Каштаны – актеры двух сезонов. Весной деревья торжественно украшены цветущими канделябрами, а осенью – щедро одаривают прохожих своими колючими плодами (иногда – прямиком по макушке). Летом же они становятся всего лишь представителями природной массовки, что дает нам тень. А зимой… зимой пусть спят, грезя о возрождении. Всему свое время, даже если деревьям недоступно знание цитат великих философов.
Река обмелела и обнажила дно, явив скрытое. Многочисленные валуны, об которые летом, при купании, мы нещадно обдирали коленки, густо облеплены мелкой ракушкой. Кое-где яркими оранжевыми всполохами среди бежево-ржавой монохромности пылают кустики водорослей. Чьи-то следы на безупречно вымытом песчаном берегу похожи на причудливые рисунки распустившихся роз. Вода, очистившись от осенней зелени, бежит говорливыми серебристо-синими струйками, огибает песчаную косу, не понимая, что случилось с береговой линией. Куда ей теперь стремиться?
На подтаявшем льду посреди реки сидят пестрой стайкой рыбаки. По песчаному склону бродит мужчина с металлоискателем. Каждый жаждет найти свое сокровище. А мы уже. Под ярким солнцем, редким гостем января, на обмелевшем берегу отливают перламутром ракушки, переливается серебром лед, светится золотом каждая хвоинка на высоких соснах, рассыпаются рубинами перемерзшие ягоды шиповника.
Бисеринками дрожат на ресницах слезы то ли от ослепительных солнечных бликов на речной глади, то ли от щемящего ликования, что даже зимний бесснежный мир может быть таким прекрасным…
Февраль – строгий тренер, который не допустит спортсменов к дальнему забегу без тщательного разогрева.
Февраль – опытный учитель, который не отправит сочинение на конкурс, пока ученики не научатся писать без ошибок.
Февраль – строгий отец, который не отпустит дочку на свидание, пока она черпает идеи о любви из сериалов.
Февраль знает, что нужно уметь быть терпеливыми и смиренными, что всему свое время.

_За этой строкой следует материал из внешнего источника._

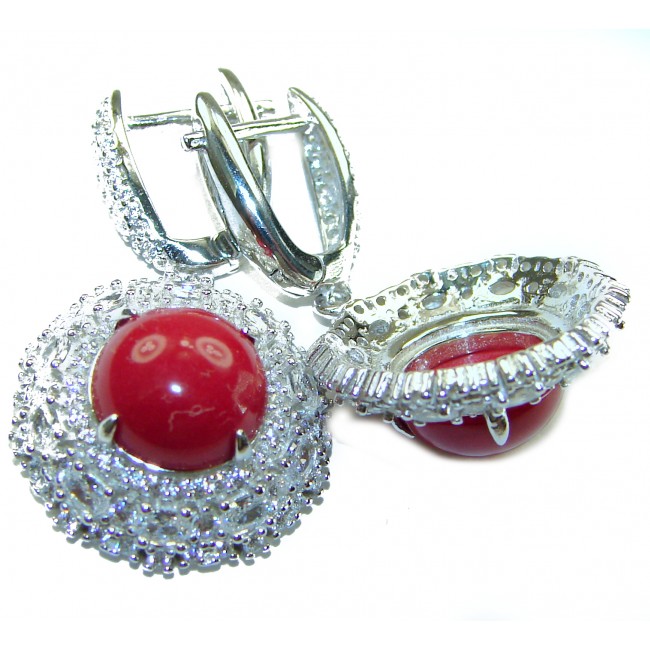 Elizabeth Natural Fossilized Coral .925 Sterling Silver handcrafted earrings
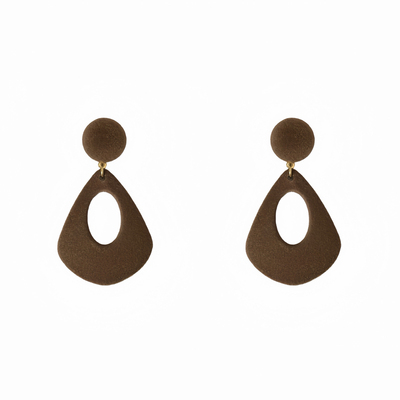 摩登90s~复古美拉德植绒耳环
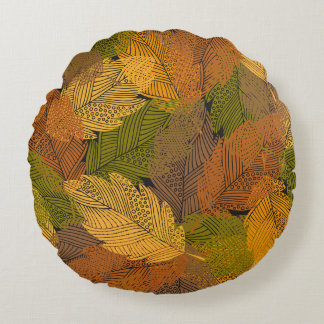 Coussins Ronds seamless vintage pattern with leaves in yellow col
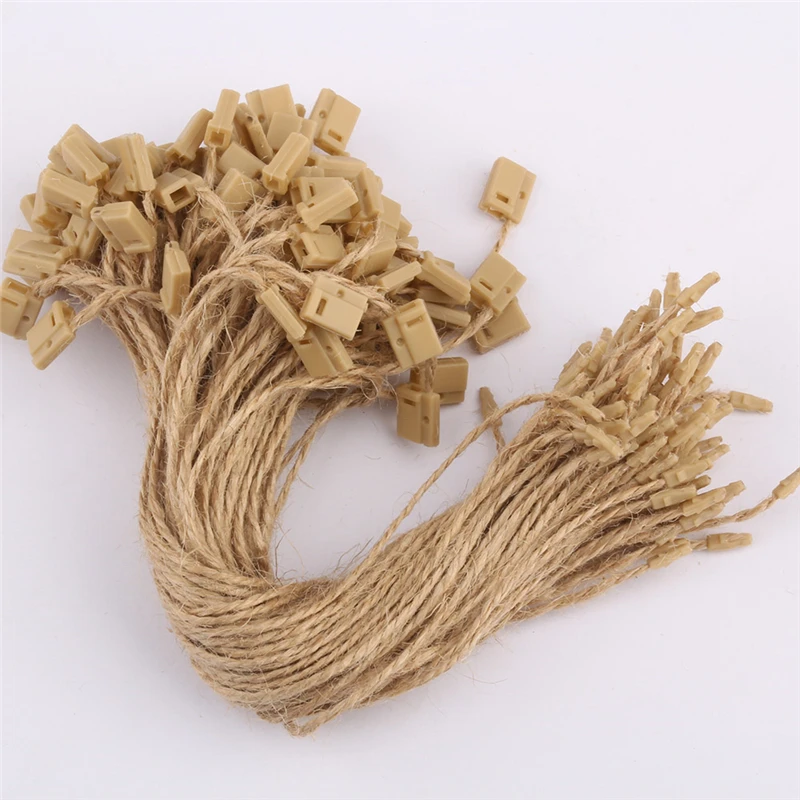 1000 pieces/lot jute hemp hang tag string in apparel 7 inches retro jute hang tag string cord for garment price label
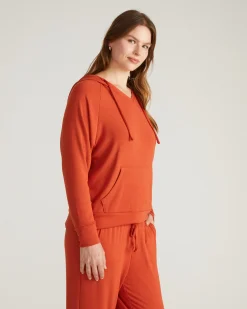 TravelKnit V Neck Hoodie Warm Russet
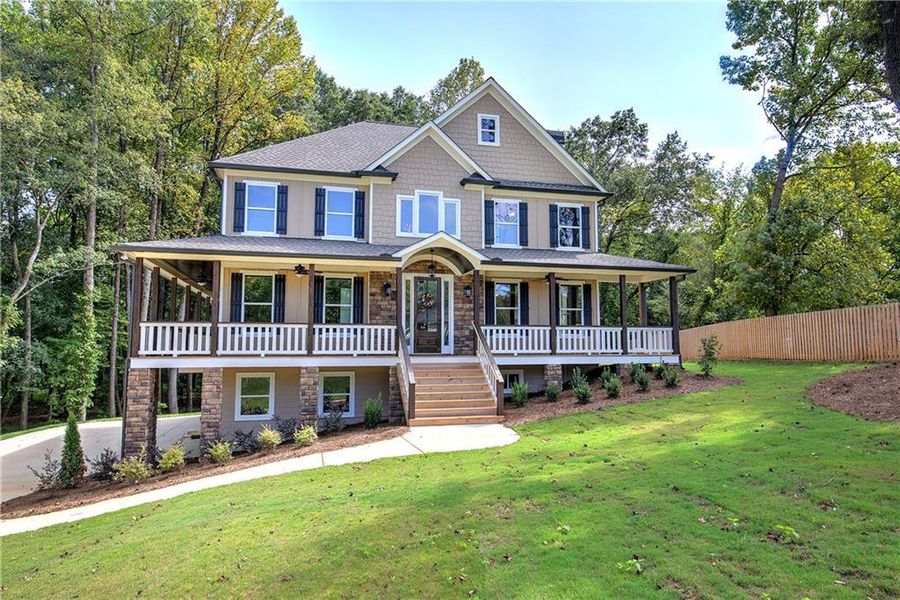 Front exterior of a new home in , Euharlee, GA, highlighting curb appeal (Image 27).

Лишь когда ростки наберутся соком и силой, способной пробить замерзший земляной панцирь, а мы приведем себя в форму, чтобы легкие весенние курточки и плащи изящно сидели на нас, а не обтягивали, лопаясь от натуги, вот тогда февраль упакует слежавшийся снег, похрустит сосульками, сбивая их с крыш, и подмигнет братцу-марту, давай, мол, выпускай солнышко.
Чтобы ожидание не казалось тягостным, февраль задабривает нас праздниками на любой вкус. Найдется место и романтике на день влюбленных, и вкусовому наслаждению в разгульную масленицу, и почестям нашим мужчинам-защитникам. А в обычные дни можно постичь искусство новомодного хюгге или, если позволит погода, наверстать упущенное и прокатиться на санках, или поиграть в снежки. Вспомнить детство, ведь тогда мы не мечтали о первоцветах, мы просто, ликуя, зарывались по самую макушку в сугробы, наслаждаясь тем, что нам дано.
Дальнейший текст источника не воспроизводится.